## EXERCISE GOAL
From the entries that follow, reproduce exactly and only the lines from the line with "An image of" to the line with "1male, adult, tan", endpoints included.

## SUPPLIED DATA
*-*-*

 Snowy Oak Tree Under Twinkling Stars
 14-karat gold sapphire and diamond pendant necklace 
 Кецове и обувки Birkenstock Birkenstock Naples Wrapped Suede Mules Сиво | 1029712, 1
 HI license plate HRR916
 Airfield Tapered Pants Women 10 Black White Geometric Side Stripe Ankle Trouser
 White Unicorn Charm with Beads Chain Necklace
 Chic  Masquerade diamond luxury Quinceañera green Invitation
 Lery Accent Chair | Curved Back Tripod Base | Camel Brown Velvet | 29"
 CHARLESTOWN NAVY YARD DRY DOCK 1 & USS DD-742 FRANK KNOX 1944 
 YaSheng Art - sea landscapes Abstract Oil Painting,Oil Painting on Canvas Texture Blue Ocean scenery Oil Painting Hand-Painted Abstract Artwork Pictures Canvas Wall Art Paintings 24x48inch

*-*-*

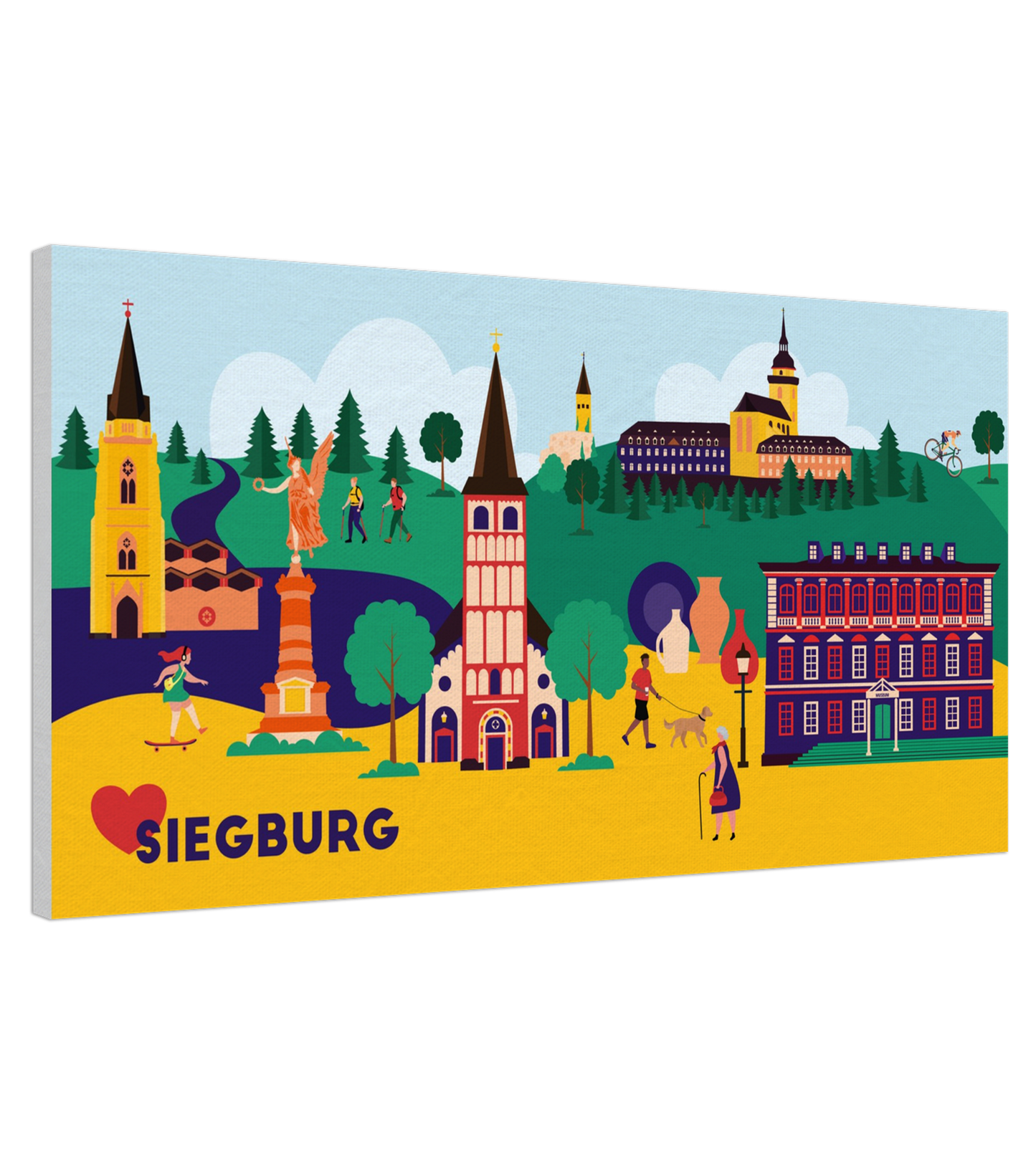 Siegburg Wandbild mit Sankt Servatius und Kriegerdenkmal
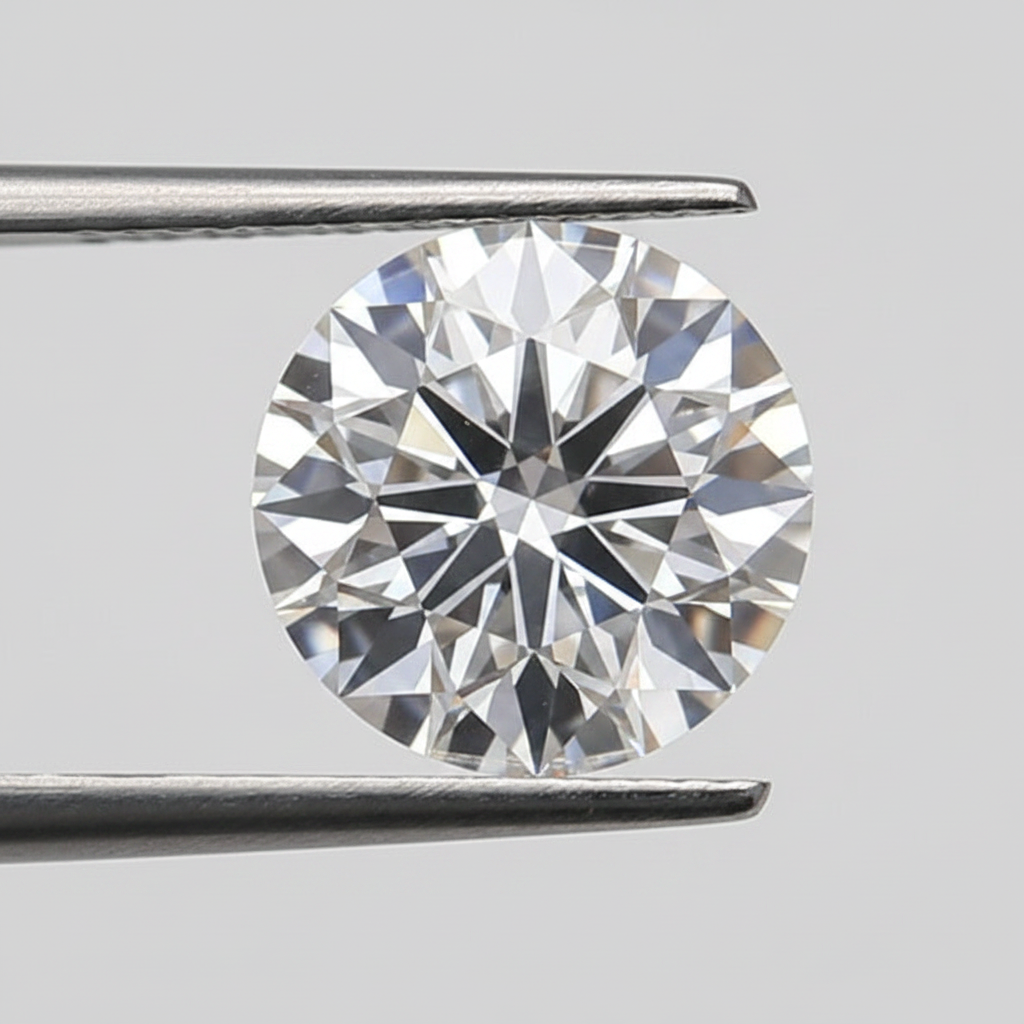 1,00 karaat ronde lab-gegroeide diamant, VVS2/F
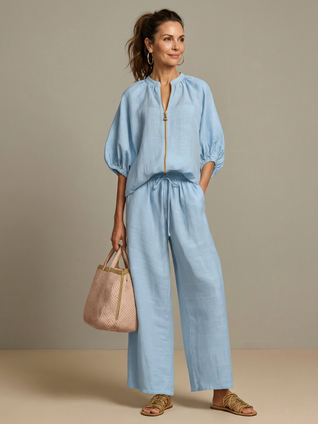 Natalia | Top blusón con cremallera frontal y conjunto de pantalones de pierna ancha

*-*-*

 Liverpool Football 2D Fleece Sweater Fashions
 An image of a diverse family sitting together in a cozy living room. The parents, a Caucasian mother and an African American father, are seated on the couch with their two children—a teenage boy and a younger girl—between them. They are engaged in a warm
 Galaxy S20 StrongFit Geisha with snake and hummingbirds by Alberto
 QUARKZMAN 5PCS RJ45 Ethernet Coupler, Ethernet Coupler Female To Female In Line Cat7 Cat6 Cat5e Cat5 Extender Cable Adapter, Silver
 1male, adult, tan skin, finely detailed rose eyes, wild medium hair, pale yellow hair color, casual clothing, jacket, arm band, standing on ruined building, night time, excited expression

*-*-*

## COMPLETED EXERCISE
 An image of a diverse family sitting together in a cozy living room. The parents, a Caucasian mother and an African American father, are seated on the couch with their two children—a teenage boy and a younger girl—between them. They are engaged in a warm
 Galaxy S20 StrongFit Geisha with snake and hummingbirds by Alberto
 QUARKZMAN 5PCS RJ45 Ethernet Coupler, Ethernet Coupler Female To Female In Line Cat7 Cat6 Cat5e Cat5 Extender Cable Adapter, Silver
 1male, adult, tan skin, finely detailed rose eyes, wild medium hair, pale yellow hair color, casual clothing, jacket, arm band, standing on ruined building, night time, excited expression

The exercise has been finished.